I've been having this problem with this on my Gentoo for a week and yet idk what to do. Im setting up my Gentoo box for a class for college. My machine is suppose to get an IP address of 192.168.1.37 and its getting 169.245.245.206.

My resolve.conf is suppose to be nameserver 192.168.1.20 but after a reboot it keeps erasing it.

my /etc/init.d/net is...

dns_domain_eth0="homenetwork"

config_eth0="192.168.1.37 netmask 255.255.255.0 brd 192.168.1.255"

routes_eth0="default via 192.168.1.1"

dns_servers_eth0="192.168.1.20"

Can anyone help me?
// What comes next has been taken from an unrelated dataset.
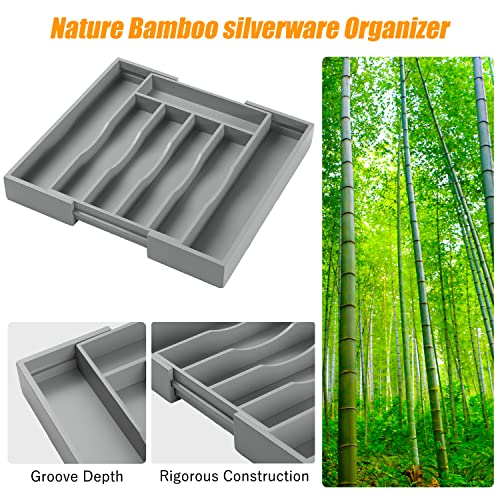 Kitchen Silverware Drawer Organizer and Storage Best Grandpa Grandfather Elder Men Father Day Grandparents Great Papaw Peepaw Grampy Pawpaw Granddad Happy Birthday Christmas Xmas Unique Cool Gifts - color: Gray, size: 7 Slots Expandable-2PC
My instructor told me I should know why I have that IP and I should know how to change it but I've been trying to change it but failed. hes not really helping me out on this.

----------

## NeddySeagoon

Chickenbro,

Welcome to Gentoo.

Your instructor is asking the right questions.

169.245.245.206 is an address in the link local range. dhcpcd can be made to make up an IP address in this range when it cannot get an IP address either statically or from a dhcp server (your router).  Link local addresses are only useful for a group of isolated computers, such as an ad-hoc wireless network.  They are not routable.

A static configuration, such as your net file provides for eth0 should work.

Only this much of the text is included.